Greg states in the Introduction that he doesn’t want to convince traditional musicians to defect into the contemporary camp. He’s not out to “convert” but to serve. He wants to “enable church musicians of all kinds to better understand one of the dominant musical languages of modern worship, to be thoroughly equipped to lead that style, and to foster communication among the musicians of the church of Jesus Christ” (p. 12). He has done just that, and done it extremely well.
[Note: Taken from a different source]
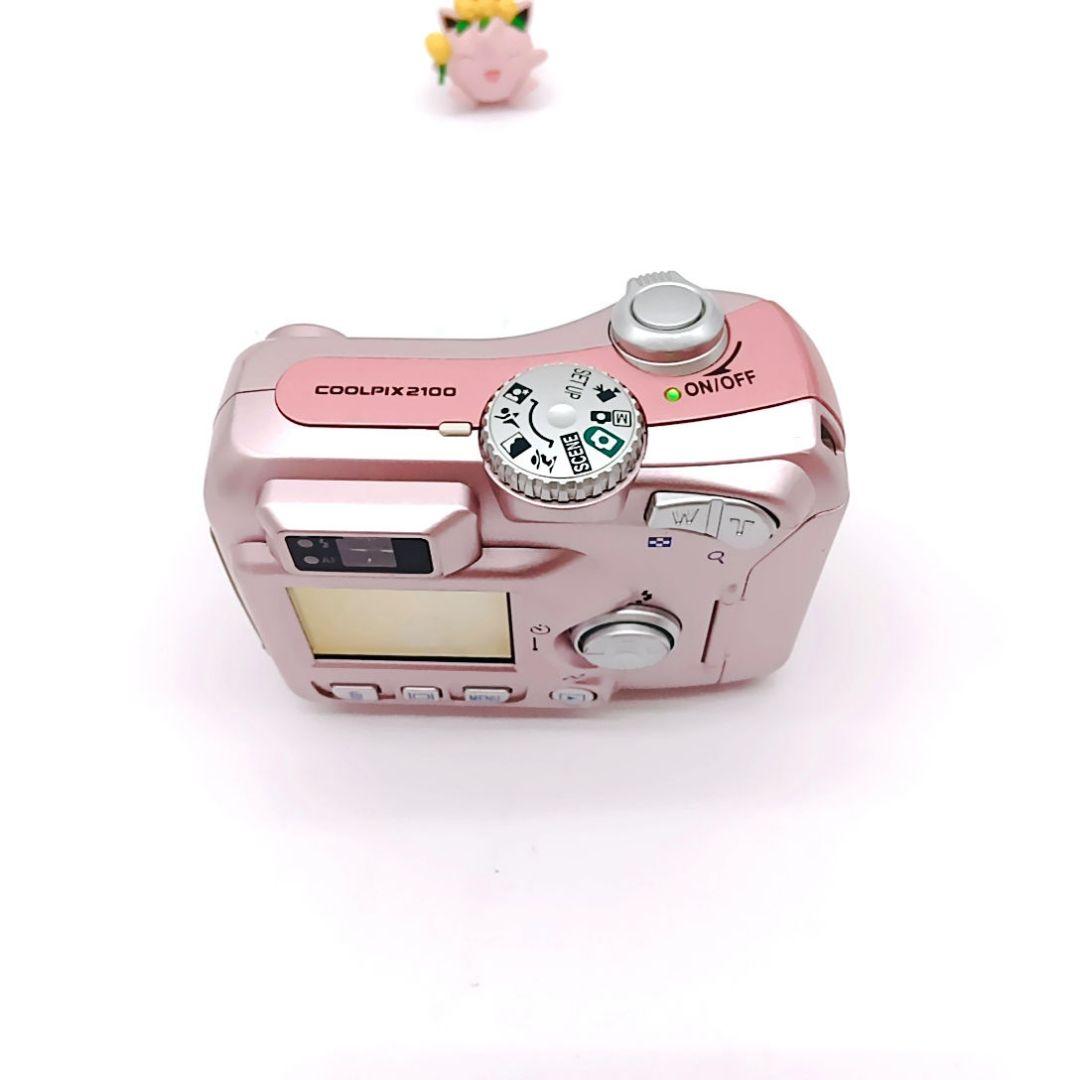 Nikon COOLPIX 2100 ピンク Nikon デジカメ 単3電池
Greg never wastes the reader’s time. Every paragraph is purposeful, helpful, and based on years of experience. He also recommends numerous resources throughout. The first chapter addresses reasons why a church might decide to use a more contemporary music style and how to go about it. It’s filled with pastoral wisdom. Chapter 2, “Assembling the Team,” contains the most comprehensive and helpful material I’ve seen on conducting music auditions, or interviews. The third chapter, “Building Repertoire,” provides many helpful categories for evaluating songs, and also highlights the different strengths of hymns and contemporary worship songs.
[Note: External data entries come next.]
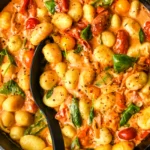 Cremige vegane Gnocchi aus der Pfanne mit Röstknoblauch und Kokoscreme 4 Cremige vegane Gnocchi aus der Pfanne mit Röstknoblauch und Kokoscreme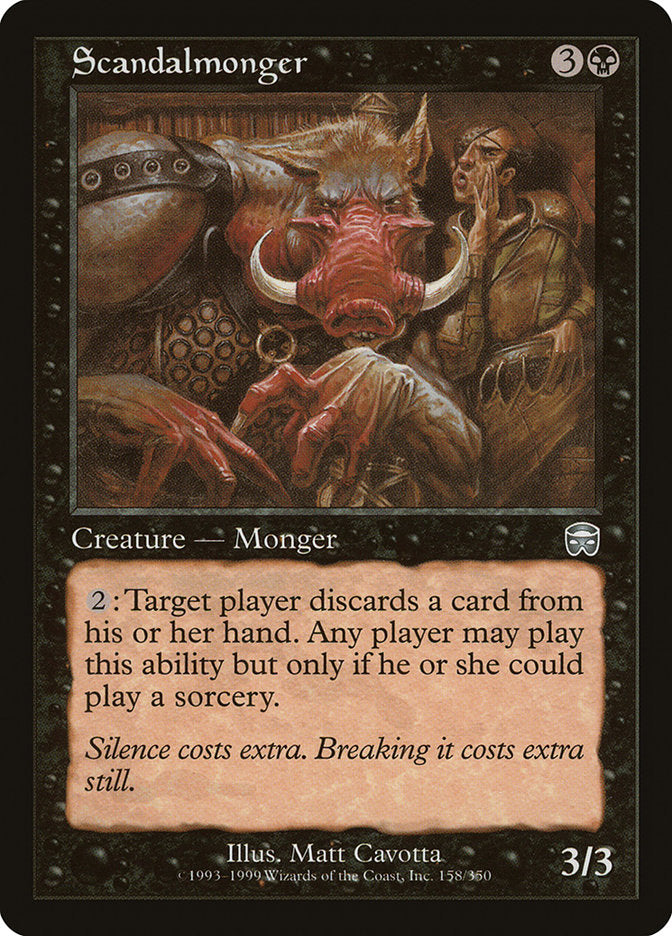 Scandalmonger [Mercadian Masques] [Foil]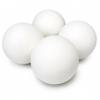 Durable Polo Ball 3" Diameter and 4.23 Ounces for Professional & Recreational Polo - Impact Resistant, Smooth Finish (Plastic) (White) (4 Pack) Made in USA view 1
In Chapter 4, “Planning Worship,” he shares principles that can be applied in liturgical, thematic, or free-flowing worship settings. Again, he offers many practical, concise ways to think about a service. His section on modulations will help anyone who has wondered how to change keys skillfully. Chapter 5, “Making Music,” is the longest chapter, and rightly so. He takes time to spell out the purpose and usefulness of every instrument in the modern worship band, starting with the vocals, and moving on to the rhythm section and various solo and orchestral instruments. He makes it clear that the instruments should support the sound of the congregation, but encourages using them to the fullest for that purpose. Any church music team that suffers from muddiness, overplaying, or poor arranging would benefit from careful study and application of this chapter. He also shares specific thoughts with sound engineers on how to make individual instruments sound best in a band context.
Chapter 6, “Timeless Hymns in a Contemporary Context,” briefly addresses the how and why of updating hymns. While communicating a deep respect for two thousand years of hymnody, Greg also realizes that, “if we care about the great hymns of our faith, we need to find ways of building bridges between old hymns and new worship contexts” (p. 182). He encourages a thorough knowledge of a hymn’s lyric, melody, harmony, and purpose before changing it, and offers practical ideas on how to do so.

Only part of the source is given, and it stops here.